Personally, I see swinging as cheating with permission. Call me old-fashioned, but in my marriage vows I promised to forsake all others.


----------



## GAsoccerman (Mar 24, 2008)

the luckiest....That is why it is not for everyone.

Only certain couples can do this, handle this and live this lifestyle. 

I and I am sure those type of people fully respect your point of view and would not want you to change anything.

As long as you're happy, so are we.


----------



## bhappy3 (Feb 4, 2008)

ooo another good thread. Personally, I can understand open relationships. I am not in one and my husband would never be up for it. We have been to swinger clubs as well, but, just like the soccerman, we've only played with each other. True also that it's not for everyone. Personally I enjoy the open atmosphere and the debauchery about it all. It's so taboo that it's a turn on. 

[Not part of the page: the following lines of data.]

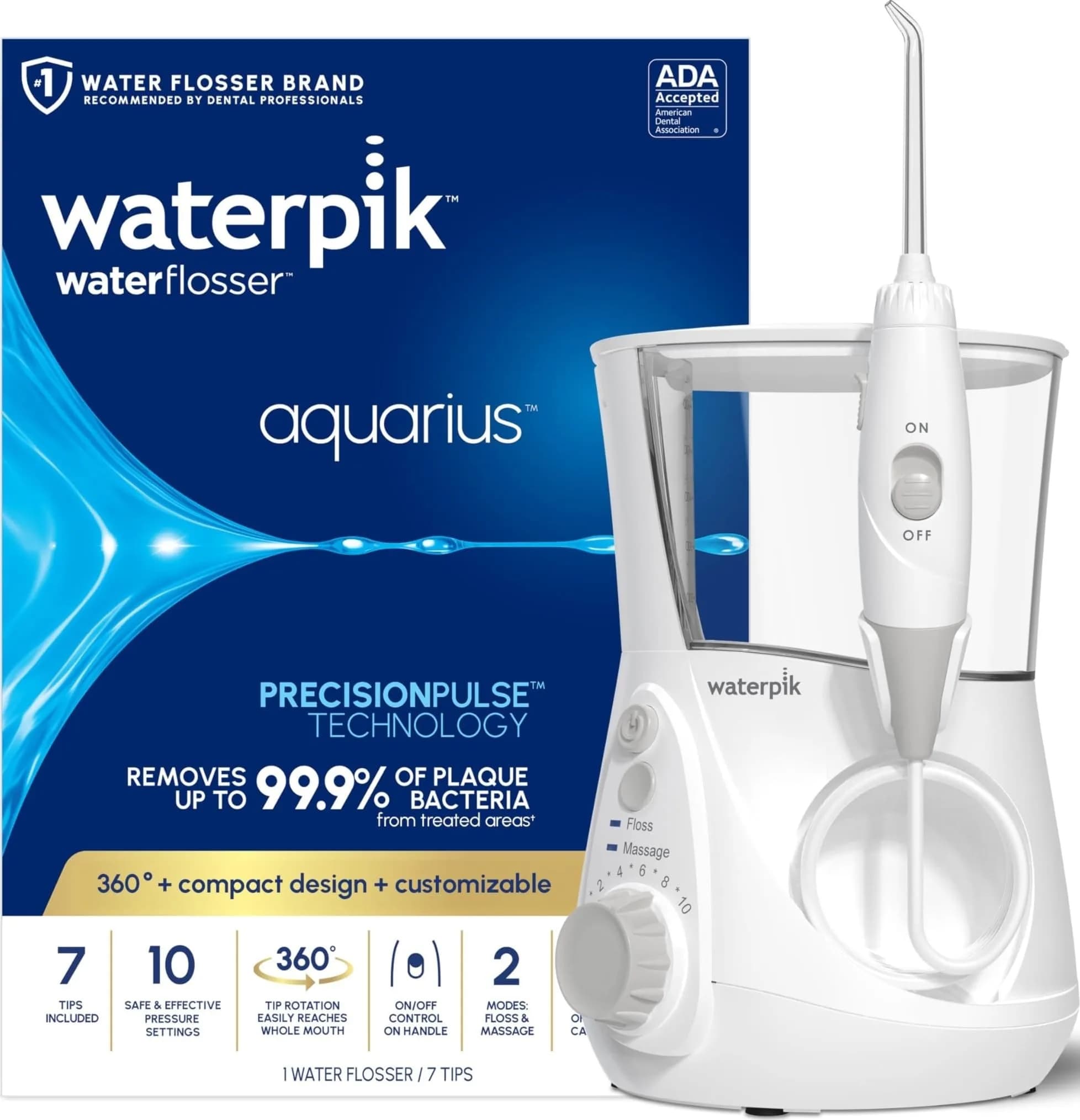 Waterpik Aquarius Countertop Water Flosser WP-660 650ml (22 Fl Oz) | Dentist Recommended ADA Accepted - main product image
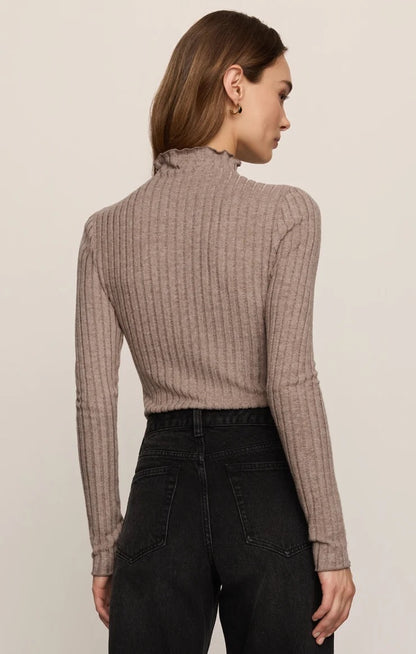 Z Supply Hattie Rib Mock Neck Top - HEATHER ASH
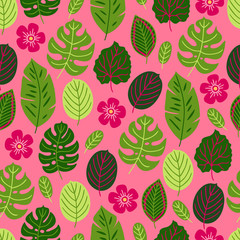 Jungle seamless pattern with tropical flowers and leaves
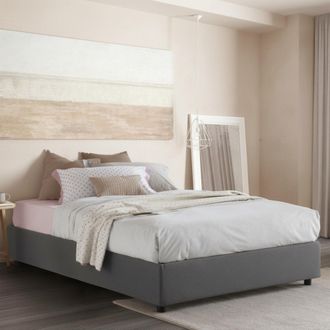 Talamo Italia Talamo Italia - Cama Matrimonial Gioia, Cama Contenedor Con Revestimiento De Tela, 100% Made In Italy, Apertura Frontal, Con Colch&oacute;n Cm 140x200 Inclui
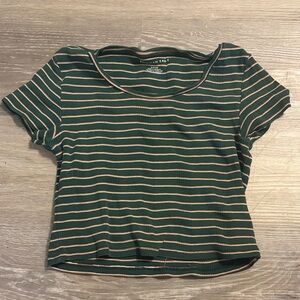 American Eagle Outfitters Green and Tan Striped Crop Top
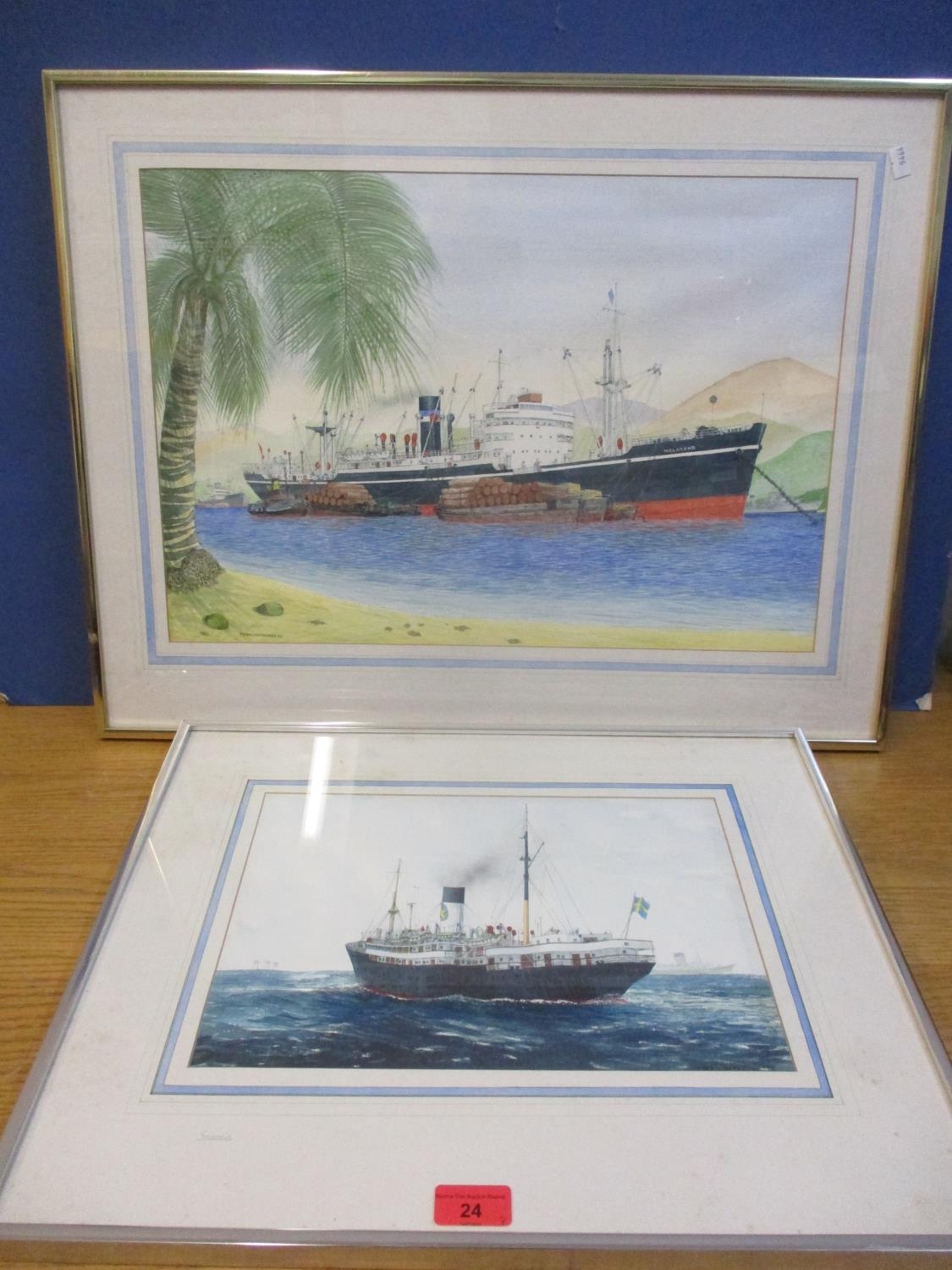 Peter Whitehead - Ship at Sea and Ship in Port, two watercolours, 34cm x 24cm and 52cm x 36cm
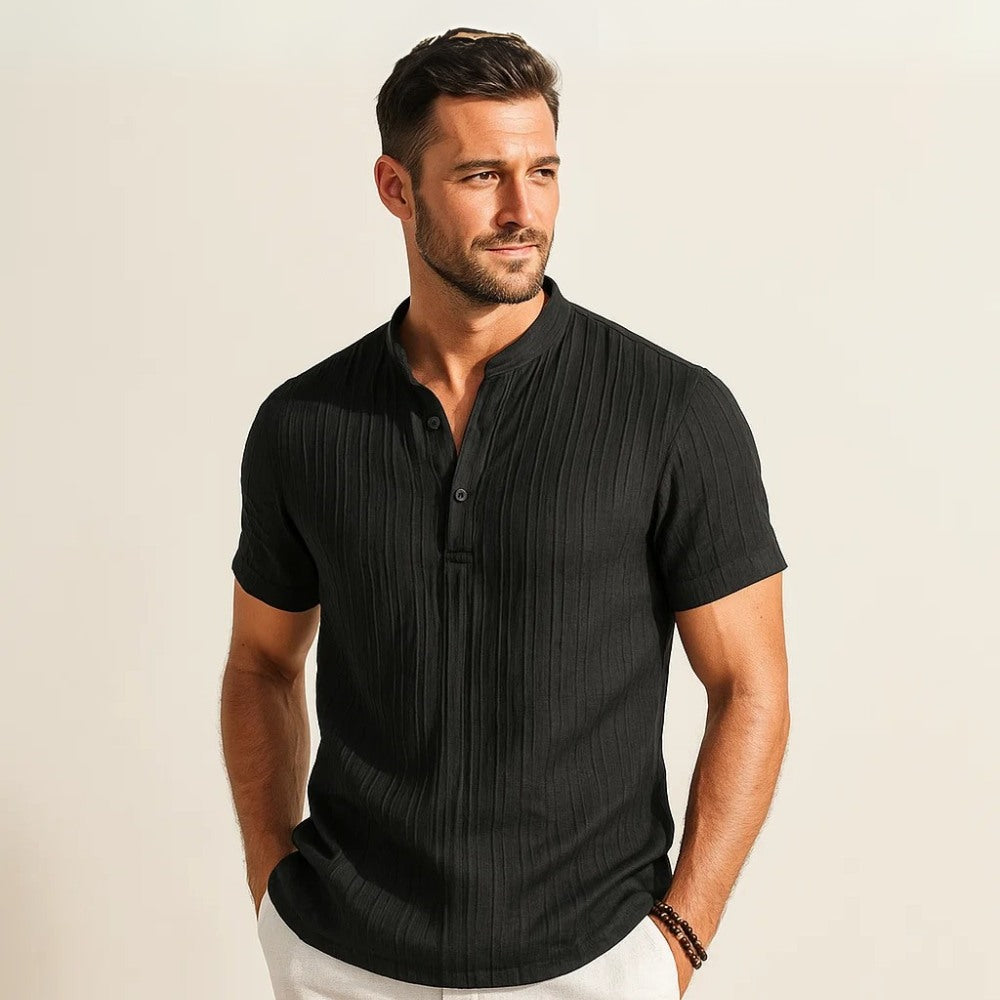 Camisa de Linho Listrada Old Money Richelieu preta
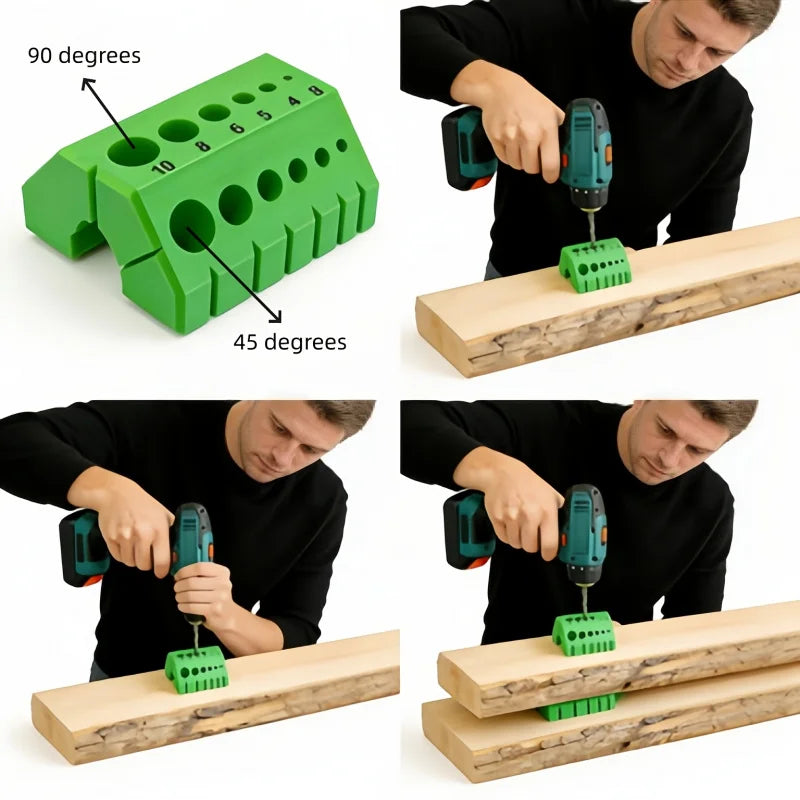 Portable 45° and 90° Drill Guide Jig Green Precision Alignment Tool for Woodworking and Joinery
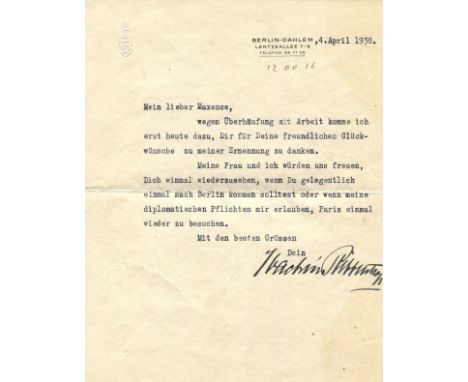 RIBBENTROP JOACHIM VON: (1893-1946) German politician who served as Minister of Foreign Affairs of Nazi Germany 1938-45. T.L.
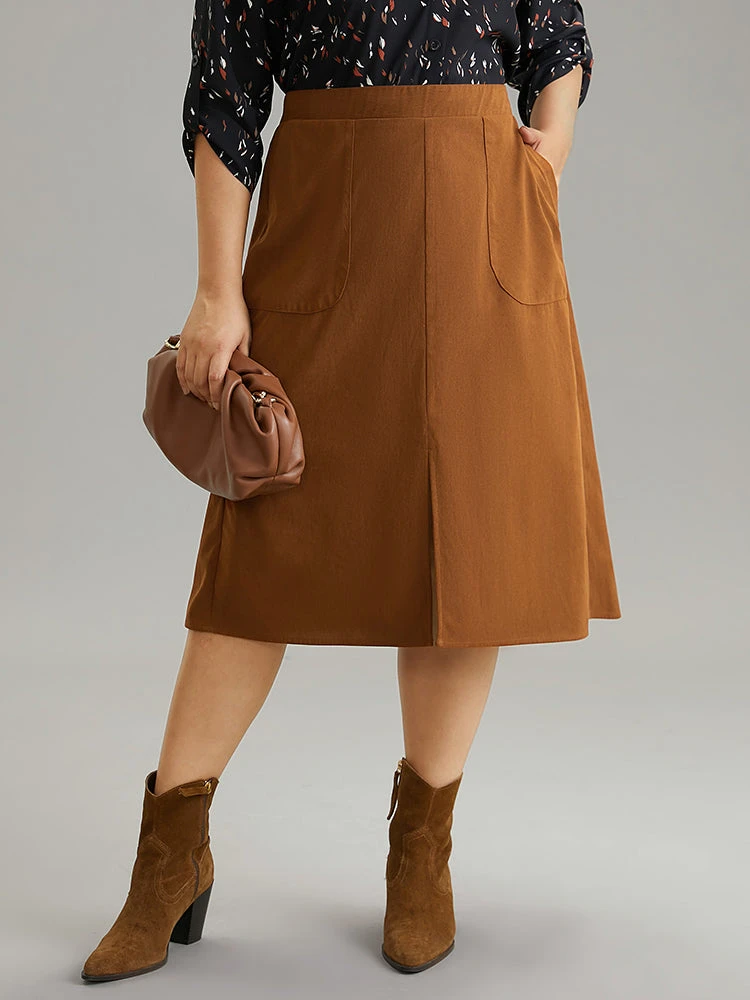 Plain Texture Elastic Waist Pocket Split Front Skirt 3 Plain Texture Elastic Waist Pocket Split Front Skirt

I think that open relationships offer a supplement to the relationship you're in. A few months back in Playgirl magazine there was a writeup about open relationships and the one girl lives with two guys. That works for them. The other girl who is married to her man also goes out and gets with multiple other men. If she's feeling one way, she calls this guy. If she's feeling like a different kind of sex, she calls yet another guy. But the loving cuddling making love is reserved for her husband. I don't think that one person in the relationship can provide absolutely everything that the other needs. So I see open relationships as supplements. 

If you look at most of the threads on this forum, it's a lot of people complaining that their SO wont' have sex anymore. Adding another person to the mix will definitely spice things up. BUT, see GASoccerman's list of rules. It def has to be agreed upon by both members in the relationship. 

I just think that humans are animals just like any other living breathing thing on this earth, and we have instincts. The moral code we place on ourselves to be monogamous has a religious base. It's not necessarily natural. Just a thought though. It certainly explains why so many people are cheating on their spouses.


----------



## justean (May 28, 2008)

the world would be an odd one, if we all had the same opinions.
GAsoccerman i liked what you said. its real.
its not screwy or messed up. because thats your relationship.
no one is really wrong.


----------



## storyboardlife (Oct 31, 2008)

question: if you are breaking the marriage vows by having another together what stops someone doing that without the other knowing about it? and the one with kids? Is this something that you wish on your kids when they turn 18? I mean if it is okay for you two to do this why wouldn't it be okay for your children to do this with a group of their friends in your house after their first year in college?


----------